Allow for Practical Play
Ask them questions and let them work out the answers. Find a way of creating learning moments when they don’t get it right. Tell them how they are right, but how they are also wrong. This helps with critical thinking skills as well. For example, if they say they think that four macaroni pieces would fit in the block, but the real answer is eight, then let them glue things together or take them apart to see that, yes, four pieces do fit, but so do another four.
These are notions and activities that STEM aims to instill.
Talk About Math
When children are playing or completing a task, talk over how they made changes and what changes they made and let them try and explain to you why they did it and why they think it worked. Often, math is something that a child catches on to not because they play differently than other kids but because their awareness is expanded by the grown-up in the room.
The Future of Math is in the History
Incorporating history into math will introduce intrigue. Mathematicians all made absolute magic in their time. Showing old media of the way the world was before each mathematical discovery and then immediately after will etch these historical figures into memory as heroes.
You can go further by turning this into interactive storytime with changes in lighting and surroundings. Ending with the question of “What will be created next?” could lead to all the ways they can be involved in future “magic” mathematical inventions. This is helped along by always taking the time to point out the different aspects and ways of solving problems that each child has picked up on.
Earlier we spoke about the magic wand. When you imagine, your mind creates. When you use math, these creations can really be there. That is basically what mathematicians did. Knowing this may be very motivating for a child.
Use the Math They Know
We forget, and therefore kids don’t learn, that math is not only stuff you learn or something that you’re good at. It is something the brain is already doing. When art is happening, ask children to point out larger areas, guess how much bigger, ask if they could work out or explain how they know, teach them to compare using the correct words.
Remember that each thing that young children become aware of is a building block. Eventually, it will be much easier for them to see that Math is just symbolism and representation of what they see around them.
Math is Logic and Art Combined
Using string art, kids can see the effects of the changes they make and actively correct them in new ways.
If instructions become shape-based, then they will each have to contemplate the effect of shape on the function.
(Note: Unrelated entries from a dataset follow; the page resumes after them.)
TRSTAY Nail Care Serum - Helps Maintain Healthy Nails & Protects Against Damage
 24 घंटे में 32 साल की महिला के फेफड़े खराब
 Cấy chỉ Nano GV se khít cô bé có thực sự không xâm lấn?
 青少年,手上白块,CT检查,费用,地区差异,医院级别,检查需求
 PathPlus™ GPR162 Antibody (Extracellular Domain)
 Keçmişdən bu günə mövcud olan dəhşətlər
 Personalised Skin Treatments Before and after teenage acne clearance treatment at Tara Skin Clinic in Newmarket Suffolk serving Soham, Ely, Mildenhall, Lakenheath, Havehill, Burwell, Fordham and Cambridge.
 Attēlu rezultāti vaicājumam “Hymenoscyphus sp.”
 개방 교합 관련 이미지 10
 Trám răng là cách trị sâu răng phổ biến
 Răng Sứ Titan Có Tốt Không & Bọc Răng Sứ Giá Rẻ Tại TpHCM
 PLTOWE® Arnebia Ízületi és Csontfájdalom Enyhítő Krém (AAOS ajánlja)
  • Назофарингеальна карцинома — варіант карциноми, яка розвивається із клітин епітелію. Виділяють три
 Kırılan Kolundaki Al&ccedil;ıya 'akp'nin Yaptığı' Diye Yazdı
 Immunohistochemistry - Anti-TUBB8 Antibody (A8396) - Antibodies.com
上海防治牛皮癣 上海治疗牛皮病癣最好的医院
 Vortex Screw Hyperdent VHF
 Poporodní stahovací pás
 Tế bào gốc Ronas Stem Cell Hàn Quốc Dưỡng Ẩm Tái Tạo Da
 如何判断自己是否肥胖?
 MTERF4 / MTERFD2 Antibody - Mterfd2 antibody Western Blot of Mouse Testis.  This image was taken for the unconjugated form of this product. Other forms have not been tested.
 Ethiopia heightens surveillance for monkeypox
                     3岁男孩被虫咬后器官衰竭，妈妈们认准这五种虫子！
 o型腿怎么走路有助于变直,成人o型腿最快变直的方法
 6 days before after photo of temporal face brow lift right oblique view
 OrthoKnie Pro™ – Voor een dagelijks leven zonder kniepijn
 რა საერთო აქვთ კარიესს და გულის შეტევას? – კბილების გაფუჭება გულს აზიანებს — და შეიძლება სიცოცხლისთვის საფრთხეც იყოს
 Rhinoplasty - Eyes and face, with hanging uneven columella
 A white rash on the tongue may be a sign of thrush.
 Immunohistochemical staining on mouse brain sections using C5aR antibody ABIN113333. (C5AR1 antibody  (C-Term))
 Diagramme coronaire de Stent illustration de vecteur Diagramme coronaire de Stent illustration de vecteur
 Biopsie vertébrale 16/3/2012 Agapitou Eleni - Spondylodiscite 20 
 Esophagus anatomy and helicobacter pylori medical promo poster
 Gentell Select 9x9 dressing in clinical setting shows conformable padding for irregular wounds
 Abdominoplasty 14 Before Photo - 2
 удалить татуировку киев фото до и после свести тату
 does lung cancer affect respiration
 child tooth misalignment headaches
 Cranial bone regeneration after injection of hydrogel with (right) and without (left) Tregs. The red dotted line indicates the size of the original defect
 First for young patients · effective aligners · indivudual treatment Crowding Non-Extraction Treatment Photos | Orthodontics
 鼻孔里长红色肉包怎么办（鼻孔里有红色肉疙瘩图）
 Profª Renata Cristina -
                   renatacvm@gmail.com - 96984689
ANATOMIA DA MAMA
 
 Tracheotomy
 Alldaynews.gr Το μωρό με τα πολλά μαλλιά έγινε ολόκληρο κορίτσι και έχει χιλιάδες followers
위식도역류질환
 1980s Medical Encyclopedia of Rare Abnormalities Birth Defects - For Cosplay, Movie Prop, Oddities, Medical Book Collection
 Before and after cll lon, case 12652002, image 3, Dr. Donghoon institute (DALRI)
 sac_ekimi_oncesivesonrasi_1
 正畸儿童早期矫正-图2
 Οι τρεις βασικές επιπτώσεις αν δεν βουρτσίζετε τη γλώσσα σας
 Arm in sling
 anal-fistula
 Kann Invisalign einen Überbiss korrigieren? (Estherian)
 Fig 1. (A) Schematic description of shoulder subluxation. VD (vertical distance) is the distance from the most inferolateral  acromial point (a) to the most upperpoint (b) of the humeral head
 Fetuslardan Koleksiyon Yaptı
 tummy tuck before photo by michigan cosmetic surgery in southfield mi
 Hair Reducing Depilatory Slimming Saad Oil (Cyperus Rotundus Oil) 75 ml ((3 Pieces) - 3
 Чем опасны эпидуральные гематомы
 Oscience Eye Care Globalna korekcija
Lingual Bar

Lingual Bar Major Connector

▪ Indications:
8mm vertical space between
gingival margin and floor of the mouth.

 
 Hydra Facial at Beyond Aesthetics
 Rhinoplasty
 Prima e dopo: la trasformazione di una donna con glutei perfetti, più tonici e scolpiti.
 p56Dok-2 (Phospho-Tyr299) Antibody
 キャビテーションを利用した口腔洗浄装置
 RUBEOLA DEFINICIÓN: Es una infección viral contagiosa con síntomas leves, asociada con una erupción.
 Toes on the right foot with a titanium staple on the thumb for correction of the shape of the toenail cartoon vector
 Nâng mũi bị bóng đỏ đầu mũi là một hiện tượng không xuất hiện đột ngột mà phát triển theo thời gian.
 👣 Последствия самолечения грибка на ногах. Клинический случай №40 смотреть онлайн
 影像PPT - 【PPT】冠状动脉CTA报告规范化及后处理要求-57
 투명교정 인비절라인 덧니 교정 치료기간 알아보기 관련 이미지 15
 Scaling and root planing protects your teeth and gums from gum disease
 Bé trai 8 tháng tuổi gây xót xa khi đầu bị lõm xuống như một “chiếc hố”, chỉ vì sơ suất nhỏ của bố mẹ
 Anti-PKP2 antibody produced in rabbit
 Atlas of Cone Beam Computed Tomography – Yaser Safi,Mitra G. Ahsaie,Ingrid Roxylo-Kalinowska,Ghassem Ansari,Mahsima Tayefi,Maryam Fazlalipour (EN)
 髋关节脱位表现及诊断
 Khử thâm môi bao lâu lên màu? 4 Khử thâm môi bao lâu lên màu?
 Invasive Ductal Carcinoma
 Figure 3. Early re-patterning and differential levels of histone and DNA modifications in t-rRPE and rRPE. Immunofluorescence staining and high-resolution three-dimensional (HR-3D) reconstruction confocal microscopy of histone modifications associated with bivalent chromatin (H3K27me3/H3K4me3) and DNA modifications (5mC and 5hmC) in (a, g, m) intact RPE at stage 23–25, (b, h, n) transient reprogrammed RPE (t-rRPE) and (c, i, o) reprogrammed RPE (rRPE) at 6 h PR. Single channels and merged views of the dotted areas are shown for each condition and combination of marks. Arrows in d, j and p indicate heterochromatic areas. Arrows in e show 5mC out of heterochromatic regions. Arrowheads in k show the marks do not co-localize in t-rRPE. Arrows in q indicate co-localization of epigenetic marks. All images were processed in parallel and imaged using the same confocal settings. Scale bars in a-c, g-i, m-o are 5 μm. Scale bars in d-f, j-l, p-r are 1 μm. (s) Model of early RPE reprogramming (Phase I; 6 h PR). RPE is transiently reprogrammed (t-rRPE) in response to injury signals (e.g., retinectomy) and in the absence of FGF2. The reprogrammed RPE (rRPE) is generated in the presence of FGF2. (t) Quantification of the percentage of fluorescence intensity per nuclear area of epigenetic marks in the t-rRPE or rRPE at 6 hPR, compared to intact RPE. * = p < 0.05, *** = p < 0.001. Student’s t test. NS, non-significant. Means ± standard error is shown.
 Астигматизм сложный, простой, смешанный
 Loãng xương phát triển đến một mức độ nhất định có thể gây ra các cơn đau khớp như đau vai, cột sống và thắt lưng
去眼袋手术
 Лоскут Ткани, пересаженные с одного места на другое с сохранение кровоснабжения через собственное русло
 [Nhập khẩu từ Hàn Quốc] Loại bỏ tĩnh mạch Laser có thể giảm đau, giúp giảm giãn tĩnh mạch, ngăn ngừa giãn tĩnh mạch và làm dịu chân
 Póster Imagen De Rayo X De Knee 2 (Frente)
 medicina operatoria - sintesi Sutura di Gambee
This will be an enjoyable way to learn math while knowing that “mistakes” are being encouraged because they help with understanding. Allow the children to talk through each step – what they think will happen and why.
Math in Curriculum and in Play
Many parents are concerned about curriculum constraints when it comes to true and natural, and even beneficial learning.
Always keep it visual and relate them to real-life objects and activities. Mathematics labors under the weight of being theoretical only. It used to need to be learned that way, but it has been a mode of creation for this modern world and we have enough classroom-based tools available for this to be adjusted. How to make this weight lighter even further is to encourage kids to create humor that depends on math knowledge.
If not making use of a deck of cards, then bring math into play. Shopping games and other themed games are perfect areas to also allow them to exercise math skills.
Study Suggestions on Math for Young Minds
Another less obvious, more covert way to get kids excited about math is by allowing Math based learning to happen in the earlier hours of the day. This is seemingly very important to a younger mind, and less so for older children. If curriculum lessons must take place, the later parts of the day can serve to reinforce the day’s learning through activities and playtimes.
At Providence Children’s Academy, we know that kids learn best when they are part of the lesson. The lesson can’t happen to them. Math is learned by doing and engaging. We strive to show each child the way in which they are already good at math because math is important and we use it every day.